“Today’s ships are at risk of rapid obsolescence”
Danilo Fumarola explained why Gestion Maritime decided to sell two 4-years old ships although it is not planning to set aside liquid bulk cargoes
Monaco-based shipping company Gestion Maritime, belonging to the Genoese family Corrado, recently performed a double disposal. Although four years ago it entered the tankers market segment with two newbuildings, the company traditionally dealing with dry bulk cargoes disposed of said assets. The two tankers Stenaweco Andrea Corrado and Stenaweco Caterina Corrado were purchased by the giant Hafnia for over 60 million dollars.

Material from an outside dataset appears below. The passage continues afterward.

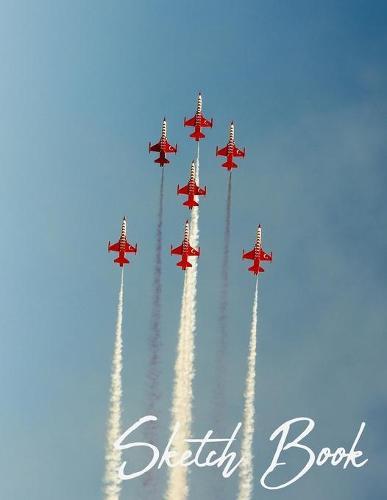 Sketch Book: Aerobatics Aircraft Themed Notebook for Drawing, Doodling, Sketching, Painting, Calligraphy or Writing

Gestion Maritime managing director Danilo Fumarola explained to Ship2Shore why the company decided to sell the two tankers: “We are not planning to exit the tanker sector, rather we aim at repositioning in view of further significant investments in the same sector, as soon as several conditions are met. The sector is going through a stage characterized by a higher obsolescence rate compared to the dry sector. Oil tankers, also medium-sized ones, must comply with the new essential regulations to reduce the main pollutants (Nox, Sox, Co2 and particulates)”. This is very important for tanker charterers (oil majors and traders), also in light of their corporate and social responsibility policies.
“This is an extremely serious issue. Building ships which eliminate completely or limit the main pollutants to the minimum is now possible, and the available technologies allow to do it with additional costs which are reducing increasingly. In fact, standard ships are at low environmental impact. On the other hand, we are very sceptical about the effectiveness of retrofit systems on the market (for instance scrubbers, ed.) because they do not provide neither a final nor a sustainable solution. On the contrary, we believe that they contribute to accelerate the assets obsolescence rate, and consequently to reduce the level of financial liquidity significantly”, Fumarola explained.
In short, in a few years today’s ships may be replaced by 100% green newbuildings.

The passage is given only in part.